Putting these features together, Chief Justice Roberts recognized the impact of smartphones today in a way that is similar to Brandeis’ focus on the impact of the camera 125 years ago. As his opinion recognized, “modern cell phones are not just another technological convenience. With all they contain and all they may reveal, they hold for many Americans ‘the privacies of life’.”

Comparing the new technology to the Fourth Amendment’s traditional protection of information in peoples’ homes, the Supreme Court could not have been more clear-cut. As it observed, the search of a cell phone “would typically expose to the government far more than the most exhaustive search of a house: A phone not only contains in digital form many sensitive records previously found in the home; it also contains a broad array of private information never found in a home in any form.”

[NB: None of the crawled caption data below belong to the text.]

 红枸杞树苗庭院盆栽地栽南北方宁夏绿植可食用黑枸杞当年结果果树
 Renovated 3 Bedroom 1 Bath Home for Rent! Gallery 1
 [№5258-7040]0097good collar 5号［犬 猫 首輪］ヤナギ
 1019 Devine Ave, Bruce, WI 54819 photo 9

While all this is of huge importance, the significance of the Supreme Court’s decision does not stop there. Just as Justice Sotomayor pointed in 2012 toward a next set of important questions, so did Chief Justice Roberts this past week. This is because his opinion included the Court’s first explicit discussion of privacy in the context of cloud computing.

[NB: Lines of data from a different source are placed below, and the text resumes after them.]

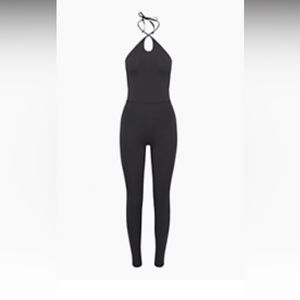 Never Worn Aritzia Wilfred Free Ivy Jumpsuit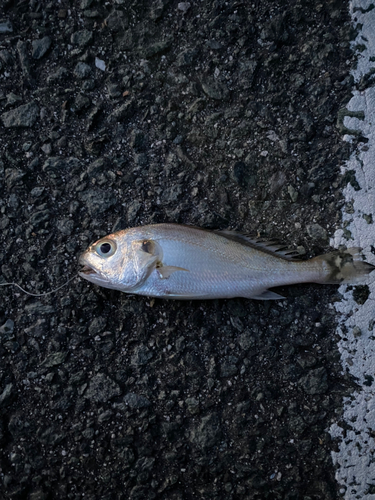 シログチの釣果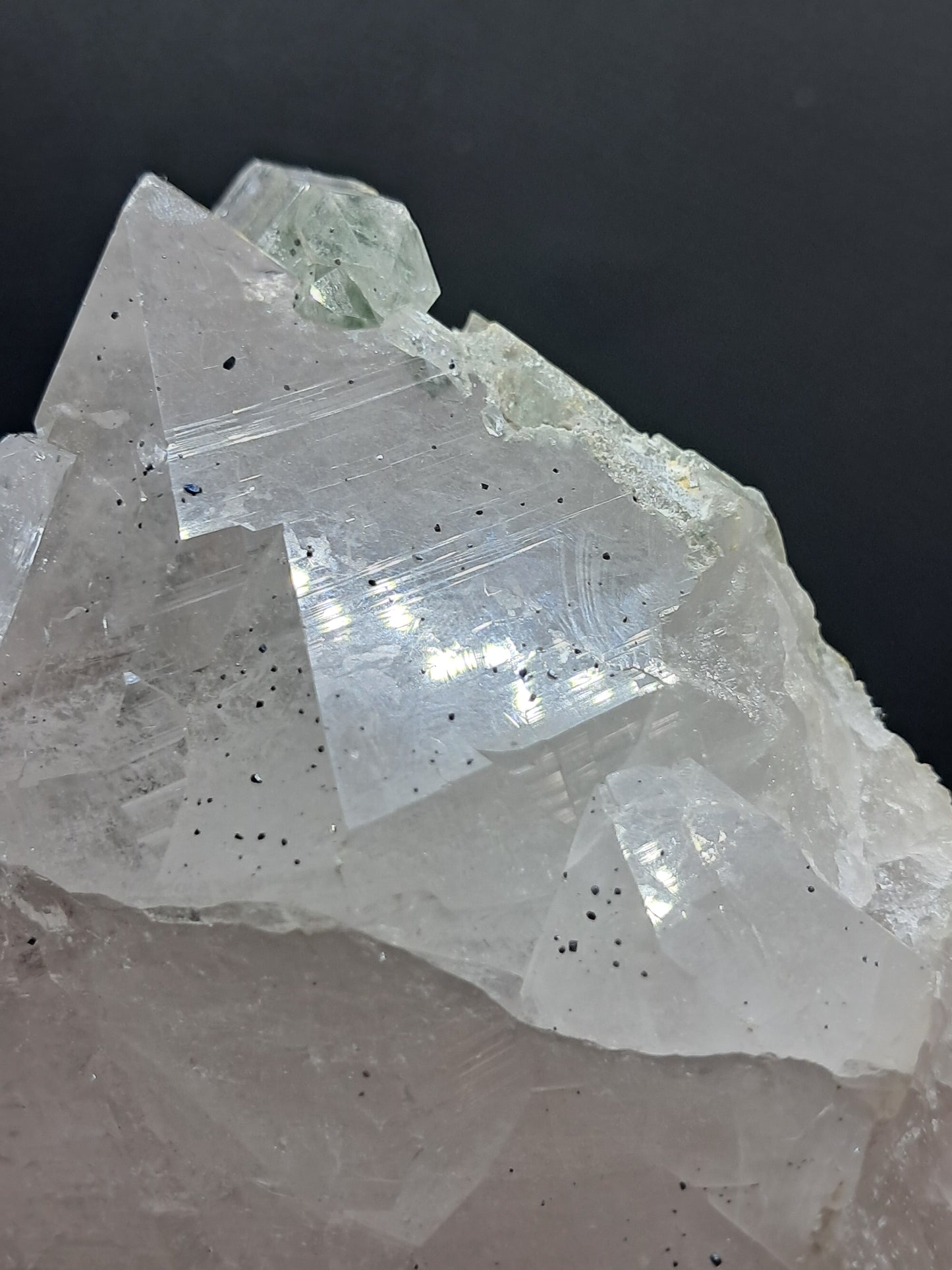 Himalayan Quartz Crystal Point with Magnetite Inclusions XL | High Grade | Natural Stone | Mineral Specimen #CH54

As the opinion noted, “the data a user views on many modern cell phones may not in fact be stored on the device itself.” While the Court was not presented with the search warrant requirements applicable to accessing a data center from a remote location, it nonetheless observed that “the same type of data may be stored locally on the device for one user and in the cloud for another.” This provided the Court with an additional reason to uphold rather than minimize privacy protection. Chief Justice Roberts pointed to “the possibility that a search might extend well beyond papers and effects in the physical proximity of an arrestee” and concluded that this was “yet another reason that the privacy interests here dwarf those” that the Court had considered in an earlier case in 1973. For those of us at Microsoft and other tech companies who are seeking to ensure that the Fourth Amendment protects information stored in the cloud, these are encouraging words.

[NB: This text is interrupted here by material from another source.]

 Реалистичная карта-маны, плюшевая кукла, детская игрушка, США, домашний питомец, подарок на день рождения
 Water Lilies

The Supreme Court’s decision is all the more interesting given the past month’s developments in the House of Representatives. By a lopsided bi-partisan vote of 293-to-123, the House approved an amendment to a defense spending bill to prohibit government agencies from using funds to require Internet service providers to give the government direct access to their servers or to access private electronic communications without a warrant. Similarly, a majority of House members have now signed as co-sponsors on legislation to amend the Electronic Communications Privacy Act to ensure that the authorities obtain a lawful warrant before accessing stored email content, regardless of how old the email may be or where it is stored.

At a time when many Americans think of Washington, D.C. as the capital of gridlock, both the judicial and legislative branches have taken new steps to protect privacy. It’s not unreasonable to hope that now more than ever, there is an important opportunity to bring people together to address next-generation privacy issues. The ultimate answer will lie not in pitting public safety, technology, and privacy against each other. Rather, as I had the opportunity to discuss at the Brookings Institution the day before the Supreme Court’s decision, the challenge is to find new ways to recognize and balance all three of these needs.

This is not to suggest that the issues are easy. As Chief Justice Roberts recognized, “privacy comes at a cost.” But as the Court’s decision makes clear, privacy is also an important and enduring value. As we look back on the privacy week that was, there’s an opportunity for all of us to take inspiration from a unanimous Court and pursue new paths that will enable privacy, safety and technology to move forward together.